Lineberger Comprehensive Cancer Center, University of North Carolina at Chapel Hill, Chapel Hill, NC, USA.
Department of Genetics, University of North Carolina at Chapel Hill, Chapel Hill, NC, USA.
Bioinformatics. 2019 Sep 1;35(17):2966-2973. doi: 10.1093/bioinformatics/btz033.
Genomic variant detection from next-generation sequencing has become established as an extremely important component of research and clinical diagnoses in both cancer and Mendelian disorders. Insertions and deletions (indels) are a common source of variation and can frequently impact functionality, thus making their detection vitally important. While substantial effort has gone into detecting indels from DNA, there is still opportunity for improvement. Further, detection of indels from RNA-Seq data has largely been an afterthought and offers another critical area for variant detection.
We present here ABRA2, a redesign of the original ABRA implementation that offers support for realignment of both RNA and DNA short reads. The process results in improved accuracy and scalability including support for human whole genomes. Results demonstrate substantial improvement in indel detection for a variety of data types, including those that were not previously supported by ABRA. Further, ABRA2 results in broad improvements to variant calling accuracy across a wide range of post-processing workflows including whole genomes, targeted exomes and transcriptome sequencing.
ABRA2 is implemented in a combination of Java and C/C++ and is freely available to all from: https://github.com/mozack/abra2.

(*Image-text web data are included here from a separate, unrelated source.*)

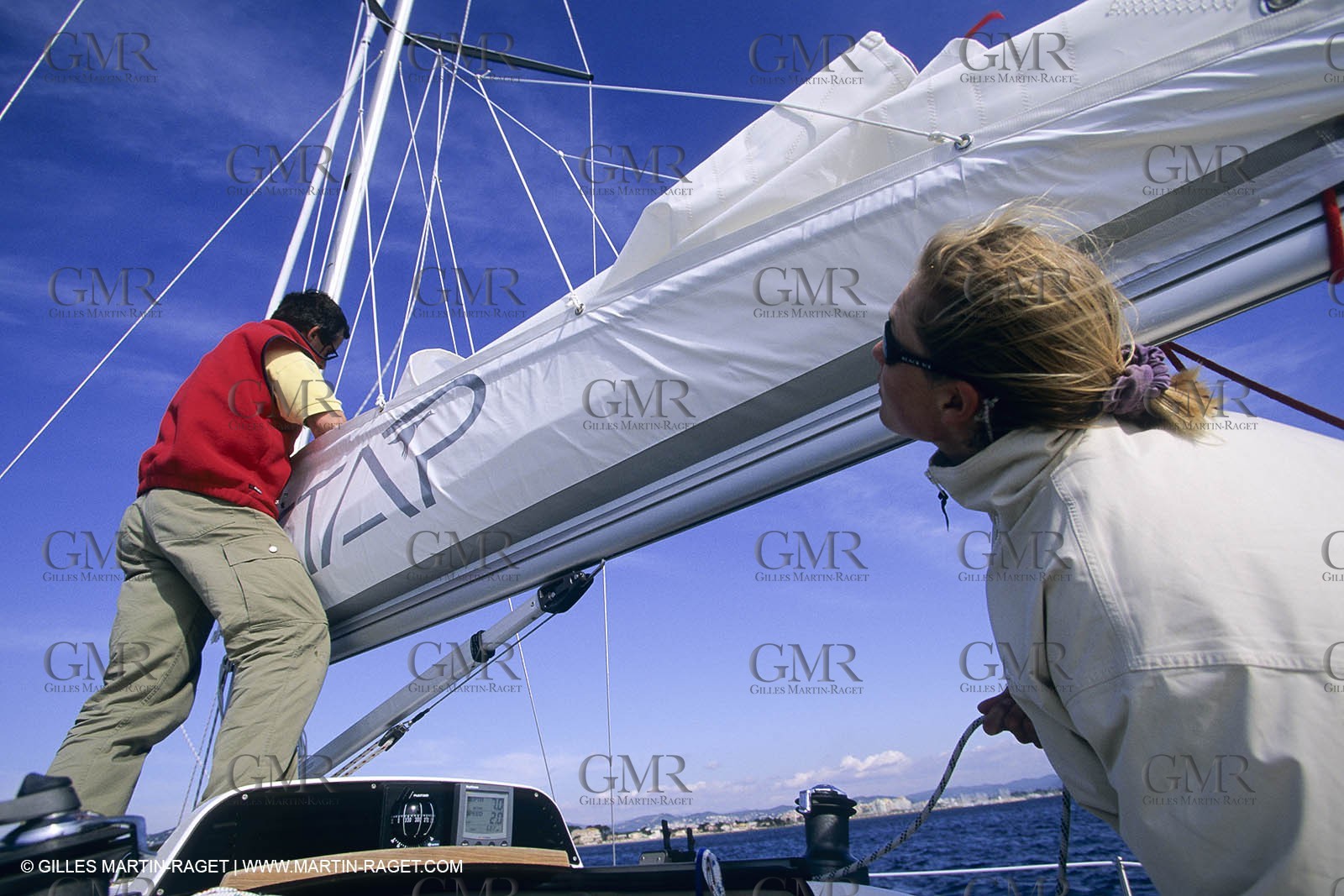 Sailing, cruising, women onboard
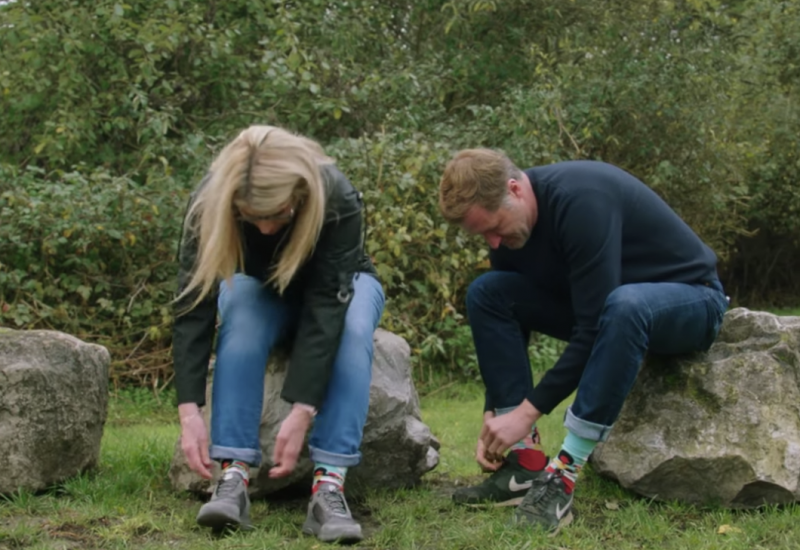 Des élus locaux enfilent des chaussettes en soutien à la recherche contre la mucoviscidose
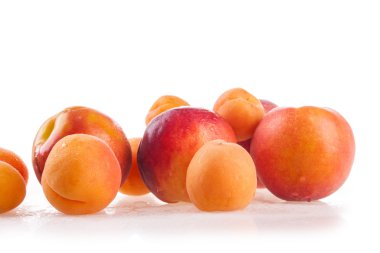 şeftali ve kayısı beyaz arka plan üzerinde izole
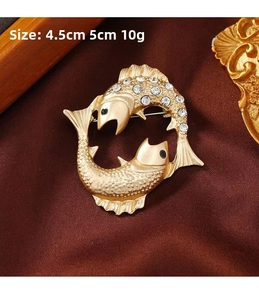 Detailed close-up of a golden Pisces brooch with rhinestones measuring 4.5cm by 5cm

Supplementary data are available at Bioinformatics online.
下一代测序的基因组变异检测已成为癌症和孟德尔疾病研究和临床诊断中极其重要的组成部分。插入和缺失(indels)是变异的常见来源,并且经常影响功能,因此检测它们至关重要。虽然已经投入大量精力从 DNA 中检测 indels,但仍有改进的空间。此外,从 RNA-Seq 数据中检测 indels 在很大程度上被忽视了,这为变异检测提供了另一个关键领域。
我们在这里提出了 ABRA2,这是对原始 ABRA 实现的重新设计,为 RNA 和 DNA 短读段的重新比对提供了支持。该过程可提高准确性和可扩展性,包括对人类全基因组的支持。结果表明,ABRA2 可显著提高各种数据类型的 indel 检测准确性,包括以前不支持 ABRA 的数据类型。此外,ABRA2 还可以广泛提高各种后处理工作流程(包括全基因组、靶向外显子组和转录组测序)的变异调用准确性。
ABRA2 是用 Java 和 C/C++ 组合实现的,所有人都可以从以下网址免费获得:https://github.com/mozack/abra2。
补充数据可在 Bioinformatics 在线获得。